Non-price competition strategy focuses on improving branding, innovation, or customer experience rather than lowering prices. This is used when firms want to expand influence without igniting retaliation.
Game-theoretic reasoning helps firms anticipate competitor actions using payoff matrices or decision trees. This technique provides a structured method for analyzing strategic interactions.
Concentration ratio evaluation uses numerical measures to assess how dominant the top firms are. This method helps determine whether the industry structure leans toward oligopoly.
Always identify interdependence when evaluating firm behavior, as this is the defining feature of oligopoly. Examiners reward answers that highlight strategic reactions.

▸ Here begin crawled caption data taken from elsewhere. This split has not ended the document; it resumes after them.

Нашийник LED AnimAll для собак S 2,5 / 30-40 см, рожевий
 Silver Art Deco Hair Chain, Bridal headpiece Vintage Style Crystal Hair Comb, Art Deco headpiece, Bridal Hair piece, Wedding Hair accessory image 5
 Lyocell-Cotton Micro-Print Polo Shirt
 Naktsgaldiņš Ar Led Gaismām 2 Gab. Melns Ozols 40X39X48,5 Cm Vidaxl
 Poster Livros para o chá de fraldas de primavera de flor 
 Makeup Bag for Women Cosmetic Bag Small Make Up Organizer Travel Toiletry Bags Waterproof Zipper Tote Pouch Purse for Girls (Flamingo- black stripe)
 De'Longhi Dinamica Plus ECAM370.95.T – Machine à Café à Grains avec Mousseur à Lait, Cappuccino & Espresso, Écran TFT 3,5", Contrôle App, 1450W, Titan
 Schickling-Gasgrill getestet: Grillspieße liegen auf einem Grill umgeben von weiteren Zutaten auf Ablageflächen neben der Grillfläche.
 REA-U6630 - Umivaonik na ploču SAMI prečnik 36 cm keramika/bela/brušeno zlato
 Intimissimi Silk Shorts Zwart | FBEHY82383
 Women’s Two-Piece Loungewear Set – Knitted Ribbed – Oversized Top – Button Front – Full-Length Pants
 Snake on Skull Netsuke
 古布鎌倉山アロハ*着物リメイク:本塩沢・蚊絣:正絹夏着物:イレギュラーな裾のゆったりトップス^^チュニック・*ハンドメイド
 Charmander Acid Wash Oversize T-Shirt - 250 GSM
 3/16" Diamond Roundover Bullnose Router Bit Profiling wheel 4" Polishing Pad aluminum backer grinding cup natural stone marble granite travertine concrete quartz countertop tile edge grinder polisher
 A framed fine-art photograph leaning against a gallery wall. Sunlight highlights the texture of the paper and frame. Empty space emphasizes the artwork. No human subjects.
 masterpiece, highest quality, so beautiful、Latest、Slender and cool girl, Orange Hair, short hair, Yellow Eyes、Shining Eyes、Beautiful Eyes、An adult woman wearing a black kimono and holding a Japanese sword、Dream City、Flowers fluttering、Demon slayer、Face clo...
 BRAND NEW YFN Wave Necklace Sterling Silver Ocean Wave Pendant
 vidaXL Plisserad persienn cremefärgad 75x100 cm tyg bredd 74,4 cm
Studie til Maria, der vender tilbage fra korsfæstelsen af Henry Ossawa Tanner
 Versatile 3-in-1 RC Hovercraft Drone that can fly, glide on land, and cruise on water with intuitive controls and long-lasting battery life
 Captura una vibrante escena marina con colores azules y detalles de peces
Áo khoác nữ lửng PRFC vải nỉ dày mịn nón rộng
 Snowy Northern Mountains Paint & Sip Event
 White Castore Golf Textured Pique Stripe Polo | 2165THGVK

Link advantages and disadvantages to consumer welfare, as many questions focus on evaluating outcomes for buyers. Showing both sides of the argument demonstrates higher‑level thinking.
Discuss both price and non-price strategies, as balanced evaluation signals deep understanding. Examiners look for acknowledgement of innovation benefits alongside potential collusion risks.
Use concentration ratios when relevant, as quantitative reasoning strengthens explanations. Even without numbers, discussing high concentration demonstrates conceptual clarity.
Assuming firms always collude overlooks that collusion is risky, illegal, and unstable. Students must recognize that competition and cooperation both occur depending on incentives.
Believing price wars are common ignores the strategic disadvantage of mutual loss. Firms typically avoid price-based rivalry unless forced into defensive behavior.
Confusing oligopoly with monopoly is a frequent mistake. Oligopoly includes several dominant firms, while monopoly has only one, leading to different strategic dynamics.
Relationship to game theory is foundational because oligopoly behavior relies on anticipating rival actions. Concepts like Nash equilibrium provide insights into stable outcomes.
Links to market failure arise because collusion, price rigidity, and restricted output can reduce efficiency. This connection matters when evaluating government intervention.
Connection to innovation economics exists because high profits from market power can fuel R&D. This creates dynamic efficiency but may coexist with reduced short‑run competition.